Pre-processing steps to obtain the vector embedding of log lines

3.3 Supported neural network models for anomaly detection

The sequence of numerical vectors representing the log lines is the input of the model. As listed in Sect. 2.4, several architectures can be used for log anomaly detection (Fig. 3). Our approach is compatible with all of them, and later in Sect. 4 we study the performance of all of them.

Fig. 3
figure 3

Neural network architectures for log anomaly detection

The input of these models is as follows:

Predict-next

The input is the sequence of numerical vectors \(\hat{x}_1^{(i)},\dots ,\hat{x}_j^{(i)}\), prepended by a special start-of-sequence symbol. After feeding \(\hat{x}_j^{(i)}\) to the model, the expected output is the vector representing \(\hat{x}_{j+1}^{(i)}\), or, at the end of the sequence, the vector corresponding to the end-of-sequence symbol.

Bi-directional prediction

These models have two inputs: the forward and a reverse sequence of numerical vectors, prepended by the start-of-sequence symbol and appended by the end-of-sequence symbol. The forward and backward models are coupled such that \(\hat{x}_{j}^{(i)}\) is predicted from \(\hat{x}_{1}^{(i)},\dots ,\hat{x}_{j-1}^{(i)}\) by the forward model and it is predicted from \(\hat{x}_{N_i}^{(i)},\dots ,\hat{x}_{j+1}^{(i)}\) by the backward model.

Masked Language Model

The input is the sequence of numerical vectors with 20% of the vectors replaced by a special mask symbol, complemented by the start-of-sequence and end-of-sequence symbols. The model has to predict those \(\hat{x}_{j}^{(i)}\) vectors that were masked out at the input side.

Autoencoder

As before, the input of the model is the whole sequence of numerical vectors \(\hat{x}_1^{(i)},\dots ,\hat{x}_{N_i}^{(i)}\) with the start-of-sequence and end-of-sequence symbols, and the expected output is the same sequence.

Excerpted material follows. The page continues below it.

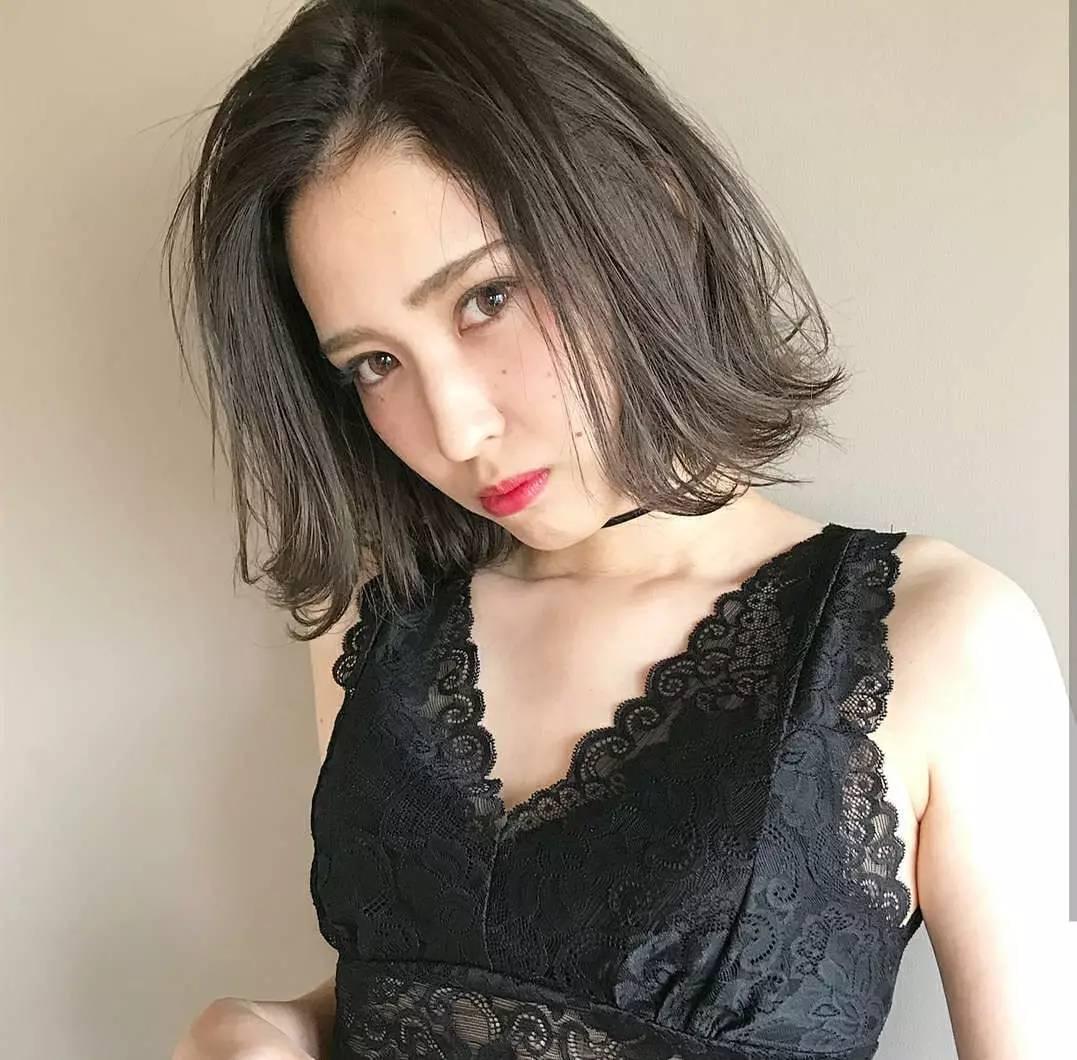 齐肩俏皮短发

3.4 Adding a Top-K layer to the models

All previously published unsupervised log anomaly detection methods use a softmax layer to provide the output of the model: if the probability of the observed log line is lower than a threshold, an anomaly is indicated.

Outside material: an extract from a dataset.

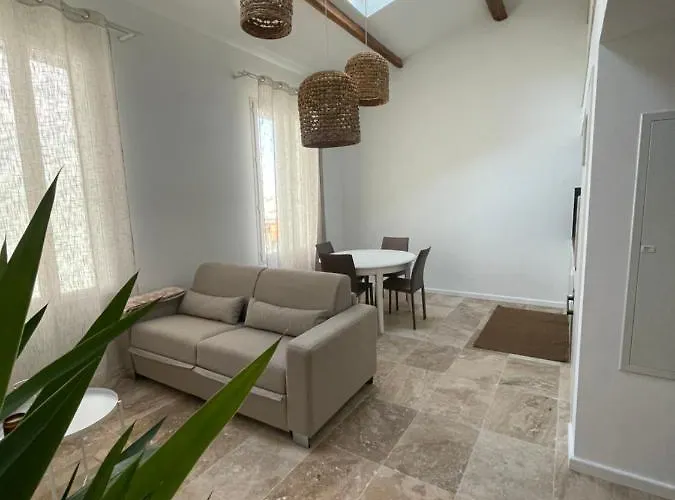 L Appartement Sete Magnifique Duplex Climatise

Such a softmax layer is not an option in a fully template-less solution, as the set of possible log lines or words is not known in advance. This is a fundamental difficulty to be solved. Making the models output the numerical vector of the expected/predicted log line is also a bad idea, since log sequences can often continue in a number of different ways. To illustrate the problem, Fig. 4 depicts the embeddings of log lines projected to the two-dimensional plane. Given a previous history, the sequence can continue either with a log line denoted by number #1 in the figure, or with a log line number #2, both being non-anomalous options. To minimize the loss, however, the model gives an output in between these two options, close to vectors that have nothing to do with the two possible options, which leads to bad performance.

Fig. 4
figure 4

The problem of predicting a single numeric vector

To address this issue, we add an extra layer, called Top-K layer to the aforementioned neural network architectures, enabling the model to emit not only one, but K predictions for a log line simultaneously. This extra layer is just a dense linear layer representing K matrix multiplications, each creating a prediction from the last hidden layer of the model.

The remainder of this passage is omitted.